Rapidly growing and popping up in many cities across the country (up until now, you had to go to California to find them), izakayas are becoming a favorite among food enthusiasts. Nowadays, Izakaya fare is quickly becoming the new definition of Japanese food and for good reasons; the dishes served in these pubs are truly delicious.
My brother, John, Yoko, myself and my husband Ben, at an Izakaya in Tokyo.
So what exactly is an Izakaya?
An izakaya is a drinking establishment (similar to a pub), serving tapas style food that's meant to be shared among friends. Some are casual, 'divey' looking bars with small wooden tables and chairs, while others are more traditional -- shoes must be removed as you sit on tatami floors. You also have the option to sit by the bar. Once seated, you'll be offered an oshibori (hot or cold towel depending on the season) to wipe your hands with, as you order a first round of drinks. You'll notice that the menu is very extensive though easy to navigate, as every dish has its own picture.
Every izakaya menu is different, however a majority of them offer popular items like sashimi, edamame, tofu dishes and various salads; heavier dishes such as korokke (meat and potato croquettes), mini pizzas and sausages; and of course classic izakaya favorites like grilled squid, gyoza (dumplings), okonomiyaki (Japanese pizza), yakitori (grilled chicken skewers) and yakisoba (stir fried noodles). The options are vast and you'll find yourself wanting to order more as each dish tantalizes your taste buds.

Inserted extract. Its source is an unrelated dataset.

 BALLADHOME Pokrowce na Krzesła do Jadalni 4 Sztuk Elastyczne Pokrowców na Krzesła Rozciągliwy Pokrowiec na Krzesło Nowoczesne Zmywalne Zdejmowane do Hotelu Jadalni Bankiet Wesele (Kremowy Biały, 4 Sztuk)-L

You'll be asking for one additional perfect bite of savory and umami.
The drink menu is usually kept simple (unless it's a sake bar) with Japanese beers, white and red wine, shochu mixed drinks, and a few whiskies and liquors.
The protocol once inside is to have fun: These places were created to unwind after a hard day's work, so avoid going there if you're looking for a quiet, romantic dinner. These places can get very loud! Some of my best evenings were spent eating and drinking in such places, while sharing stories and laughing non-stop for hours. Izakayas offer comfort, plenty of laughter and amazing food. In smaller shops, owners take pride in every dish they put out, and the food you get is some times comparable if not better than that of a Michelin star restaurant. If you don't know much about izakaya food, familiarize yourself with these 10 Izakaya dishes to try for beginners. They've been an integral part of Japanese culture for over a century and are quickly becoming a fixture in the Western world.
My husband Ben posing with a proud owner and chef of a small izakaya in Tokyo, cooking spectacular dishes.